Publishers also do not mark problematic papers in one uniform way. Caitlin Bakker from University of Regina, Canada, an expert in research and discovery tools, said retracted work can be labeled in very different ways. Labels can include “Correction,” “expression of concern,” “erratum,” and “retracted.”
Those labels can also point to different kinds of issues, including concerns about content, methodology, data, or conflicts of interest. For an AI system, that variation makes it harder to treat every warning sign consistently.
Copies of papers can also be scattered across preprint servers, paper repositories, and other websites. If a paper is retracted after a model’s training cutoff date, Fu said the model’s responses might not immediately reflect what has changed. Aaron Tay, a librarian at Singapore Management University, said most academic search engines do not do a real-time check against retraction data, which leaves users dependent on the accuracy of the corpus being searched.
What better AI research tools may need
Experts in the source article point toward richer context, not just better citation lists.

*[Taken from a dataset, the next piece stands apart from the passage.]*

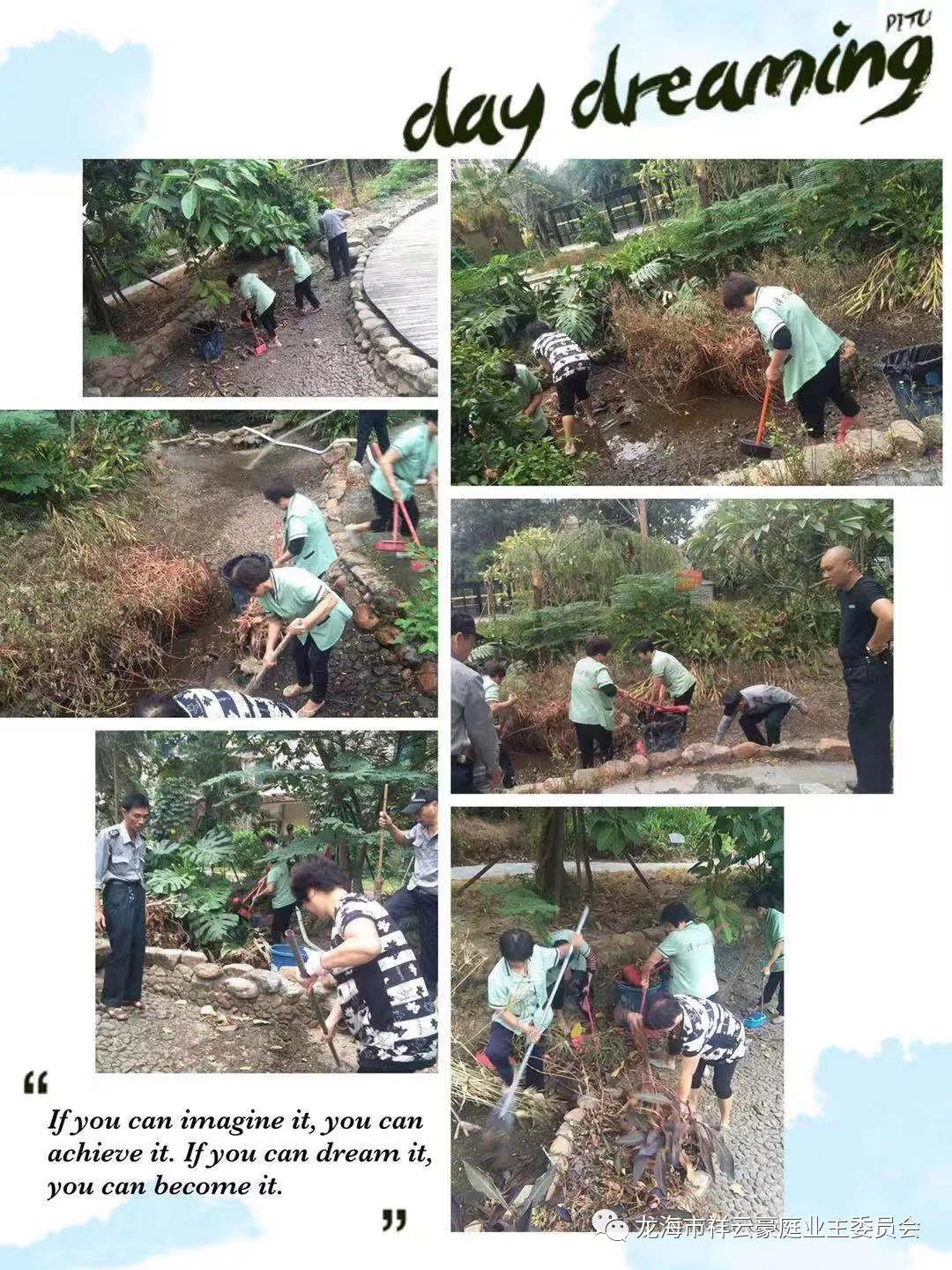 福建漳州石码祥云豪庭小区,龙海石码祥云豪庭117平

Oransky and others advocate making more information available for models to use when generating an answer. That could include peer reviews commissioned by journals and critiques from the review site PubPeer.
Some publishers, including Nature and the BMJ, publish retraction notices as separate articles linked to the paper and outside paywalls. Fu said companies need to make effective use of that information, along with news articles in a model’s training data that mention a paper’s retraction.
The stakes are practical. The public asks AI chatbots for medical advice and help diagnosing health conditions. Students and scientists increasingly use science-focused AI tools to review existing literature and summarize papers. The US National Science Foundation invested $75 million in building AI models for science research this August.
For now, the safest lesson is that an AI answer about science is not enough on its own. Users need to check sources, and tool builders need stronger ways to surface retractions and other warnings. Tay summarized the current moment with a simple caution: “We are at the very, very early stages, and essentially you have to be skeptical.”